De taken en functies die door sportmanagers te vervullen zijn, worden beïnvloed door de (onbewust) gehanteerde opvattingen over ‘goed’ managen en organiseren. Uit de Nederlandstalige sportmanagementliteratuur kan vastgesteld worden dat het Anglo-Amerikaanse denken over organiseren en managen diep in het kennisdomein sportmanagement is doorgedrongen. Aan het door Albert (1992) geïntroduceerde Rijnlands-Europese denkmodel wordt nauwelijks aandacht besteed (Broeke, 2006). De discussie over de verschillende consequenties van beide managementbenaderingen voor de werkcultuur en de managementpraktijk lijkt aan de schrijvers en denkers op het gebied van sport van sportmanagement voorbij te zijn gegaan. Het maakt echter een wereld van verschil of praktijkprofessionals zich (impliciet) laten leiden door management- en organisatieprincipes van Rijnlandse of van Amerikaanse signatuur (Peters & Weggeman, 2009). Het is plausibel te veronderstellen dat de waardeoriëntaties en het benodigde handelings- repertoire van Rijnlands georiënteerde beroepspraktijken of Amerikaans georiënteerde beroepspraktijken van invloed zijn op de ontwikkeling van de professionele identiteit en de actietheorie van praktijkmanagers in de sportsector (Argryris, 2000; Beyaard, 2009). Dit zal nader onderzoek vergen.

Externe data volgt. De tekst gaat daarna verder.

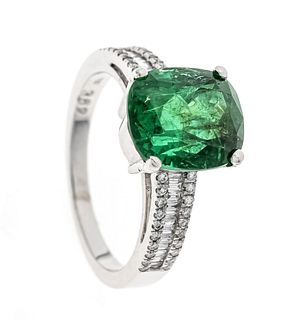 Emerald diamond ring WG 750/000 with an excellent antique cut faceted emerald 4.36 darker luminous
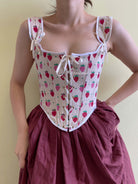 Natural Linen Stays Strawberry Corset - Pink | VintageMist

5.1.2. Bruikbaarheid van de ‘vierpraktijkenmatrix’

Op basis van confrontatie en analyse van uit zeer heterogene literatuurbronnen afkomstige kennisinhouden is uiteindelijk een nieuw kennisproduct geconstrueerd: een matrix van ‘professionele’ praktijken in het beroepsdomein sportmanagement.

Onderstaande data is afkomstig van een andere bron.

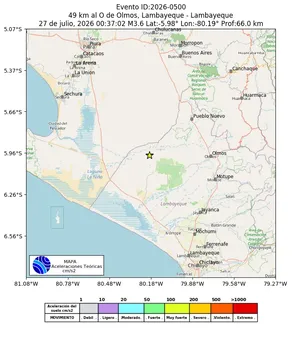 Mapa de aceleración teórica del sismo de magnitud 3.6 a 49 km al O de Olmos, Lambayeque - Lambayeque, Perú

De matrix blijkt voor onderwijsdoeleinden goed bruikbaar. De onderscheidende managementvraagstukken en managementvaardigheden in de vier beroepspraktijken kunnen met behulp van het model voor studenten op een concrete wijze inzichtelijk gemaakt worden. Onlangs is binnen de opleiding sportmanagement aan het Instituut voor Sportstudies te Groningen besloten het ‘talige’ model uit te breiden met voor studenten aansprekende ‘beeldende’ verhalen van beroepsbeoefenaren die in één of meer beroepspraktijk(en) werkzaam zijn. Door al doende het vierpraktijken- matrix ‘door te ontwikkelen’ evolueert het van een cognitief ordenings- schema naar een activerend professionaliseringsinstrument dat als ondersteuning van (studie)loopbaanbegeleiding van sportmanagement- studenten ingezet kan worden.

Verdergaand vervolgonderzoek is mogelijk en gewenst naar de gebruiks- c.q. actietheoriën die in de verschillende professionele praktijken vigeren. Welke sturende waarden en actiestrategieën liggen ten grondslag aan het professionele handelen van in de praktijk werkzame sportmanagers? (Argyris, 2000). Welke (impliciete) professionele standaarden worden gehanteerd bij het evalueren van de geleverde beroepsproducten? (Van der Meulen, 2009). Welke 'onderscheidende' competenties zijn van kracht in de betreffende beroepspraktijk(en)? (Van Bottenburg, 2005). Het verschijnsel managementpraktijken in de sport vraagt om diepgaander onderzoek. Het in dit verband ontwikkelde 'vierpraktijkenmatrix' kan daarbij als eerste aanzet dienen.